=== Exercise aim ===
All pictures must be left out as you transcribe the lines from the first line of the data to the line containing "Next, we will", both included.

### Supplied records

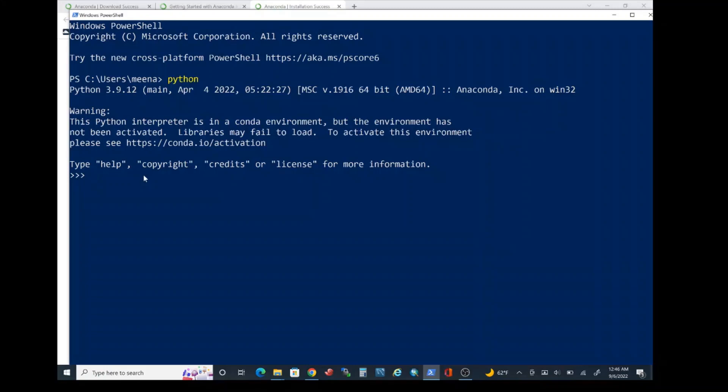Let's go ahead and type exit open parentheses close parentheses and press enter in order to exit from the Python application here. Let me show you how to use pip which is Python's package installer in order to install one additional package which is going to enable you to run autograder test results for the purpose of projects in this course.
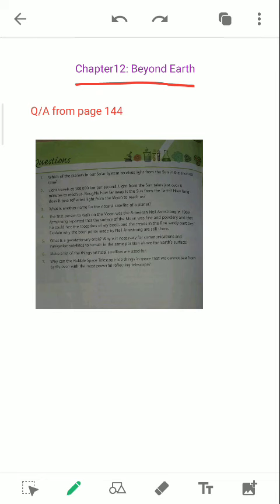Question number 5, what is the geostationary orbit? Why is it necessary for communication and irrigation satellites to remain in the same position above the Earth's surface? Here they are asking two things. First is the geostationary orbit definition. And second is why are the communication satellites present at the same point on the Earth?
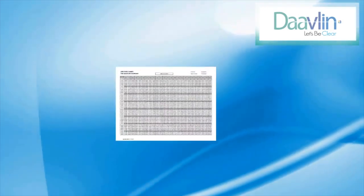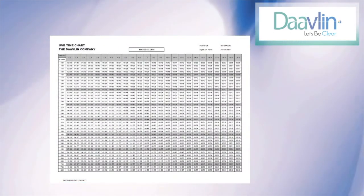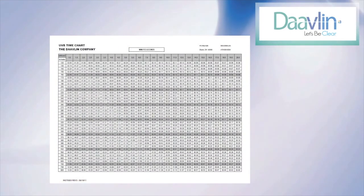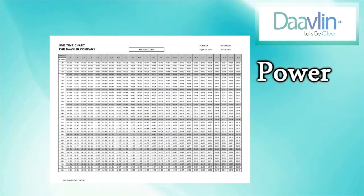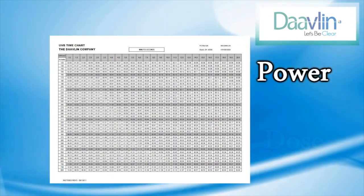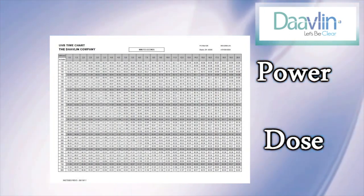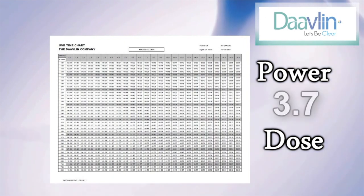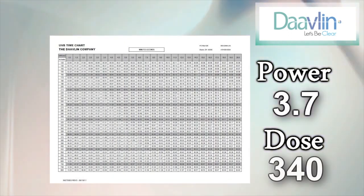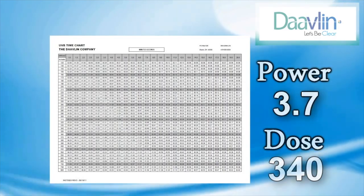Next, we will use the UVB time chart to calculate the proper treatment time. You need to know two numbers here: the power of your unit, which we determined in the last step, and the dose prescribed to you by your doctor. In this example, let's assume the power output is 3.7 and that our doctor has prescribed 340 millijoules of treatment.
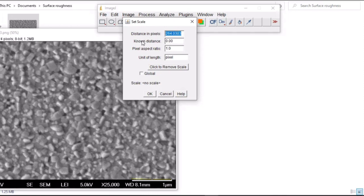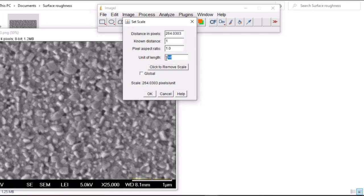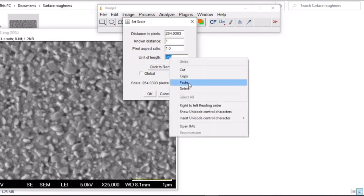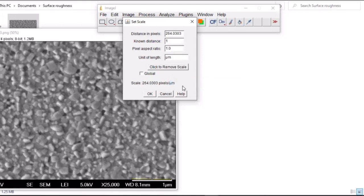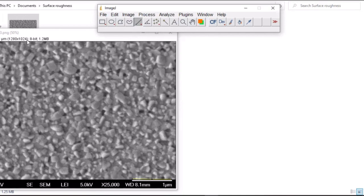The known distance is one micrometer, so you write one. Then this is constant units of length. The unit that we are having here is in micrometer. If it is in nanometer, you need to write it here. Click OK. You observe the changes.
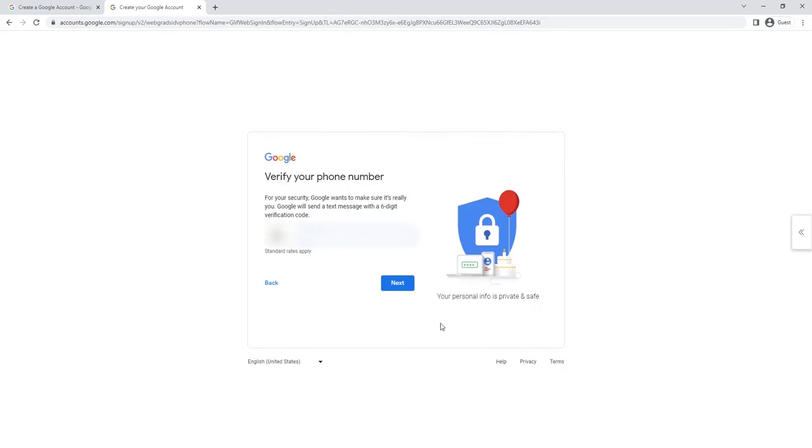So there you can see it asks for a phone number. In the second method I'm going to show you how you can create unlimited Gmail accounts without your phone number. With a phone number you can create four or five Gmail accounts in one device, so I'll use this phone number.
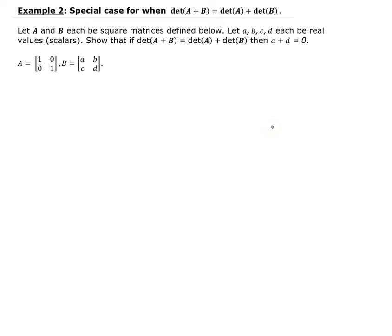In this example, we want to show that the determinant of A plus B is equal to the determinant of A plus the determinant of B, given that A is the 2 by 2 identity matrix, and B is a general 2 by 2 matrix.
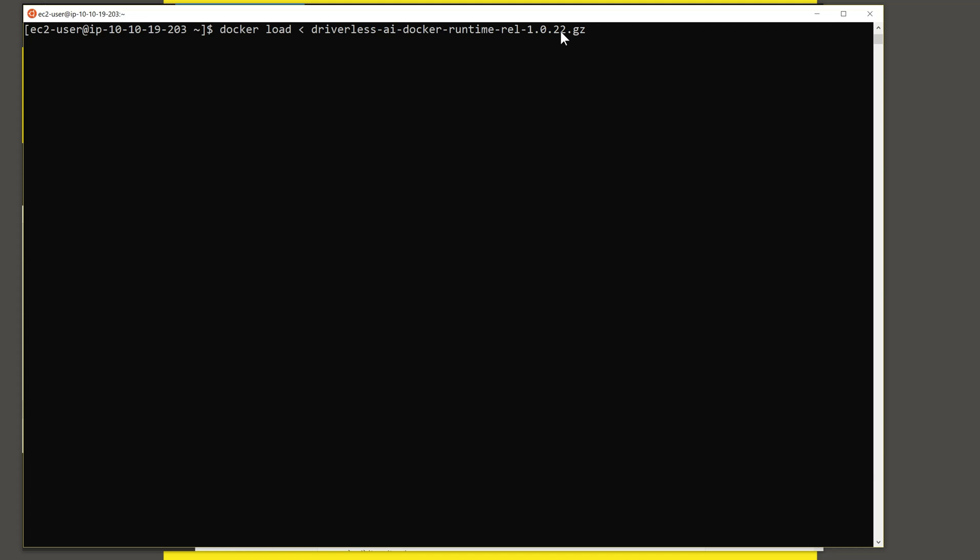That's version, the version number and the file name are here. And when I hit return, it's going to start loading the image. This is going to take several minutes to install. So this might be a great time for you to get a cup of coffee while we wait for this to continue.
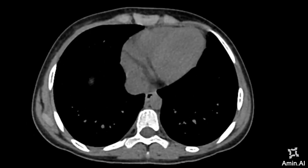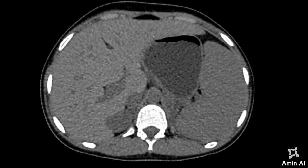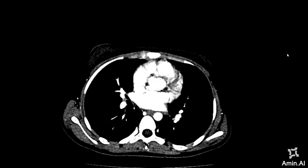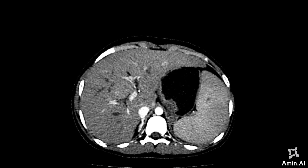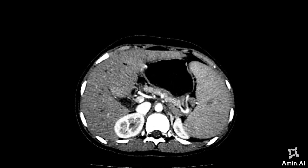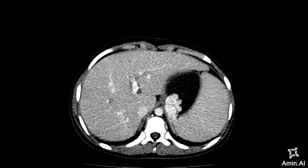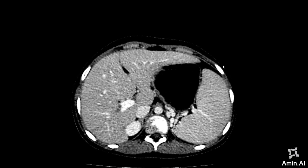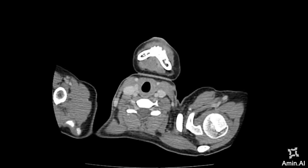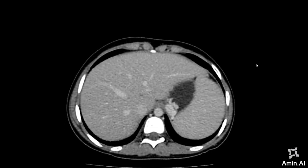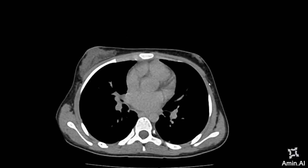These are the images. This is the non-contrast CT Abdomen, and I will be focusing towards the pathology. This is the arterial phase of the same patient, followed by the portal venous phase, the equilibrium phase images, and the delayed images.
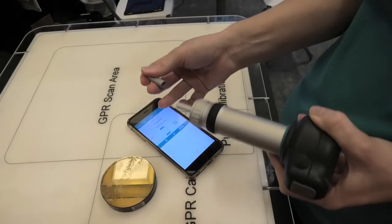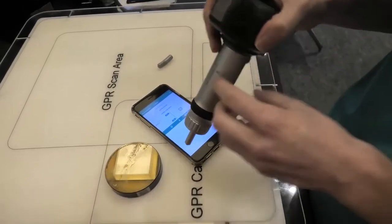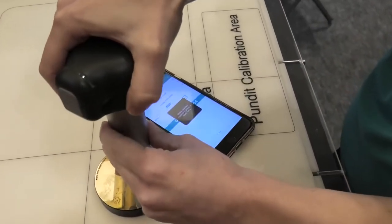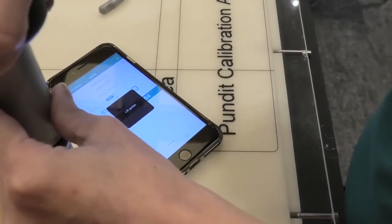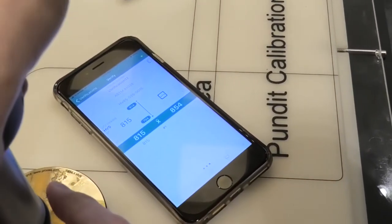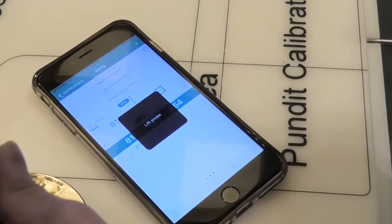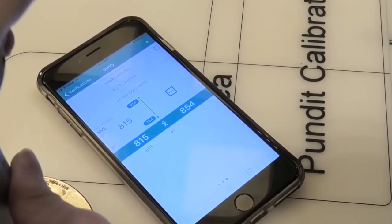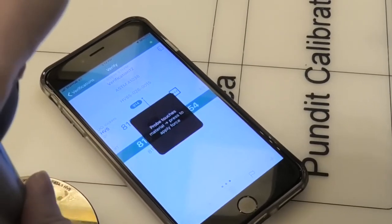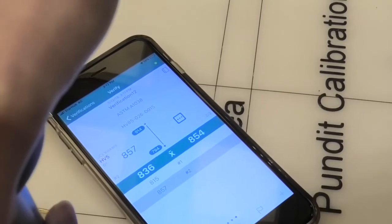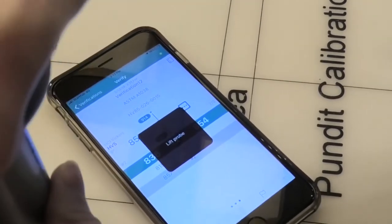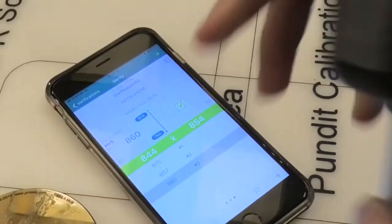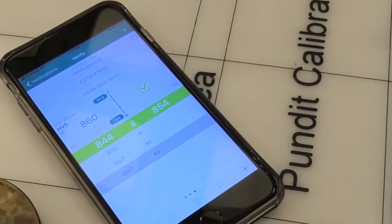We remove the cover of the probe, and then proceed to do the testing. So three values are sufficient, and you can see we've passed the verification.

######

=== Task response ===
Let's go ahead and type exit open parentheses close parentheses and press enter in order to exit from the Python application here. Let me show you how to use pip which is Python's package installer in order to install one additional package which is going to enable you to run autograder test results for the purpose of projects in this course.
Question number 5, what is the geostationary orbit? Why is it necessary for communication and irrigation satellites to remain in the same position above the Earth's surface? Here they are asking two things. First is the geostationary orbit definition. And second is why are the communication satellites present at the same point on the Earth?
Next, we will use the UVB time chart to calculate the proper treatment time. You need to know two numbers here: the power of your unit, which we determined in the last step, and the dose prescribed to you by your doctor. In this example, let's assume the power output is 3.7 and that our doctor has prescribed 340 millijoules of treatment.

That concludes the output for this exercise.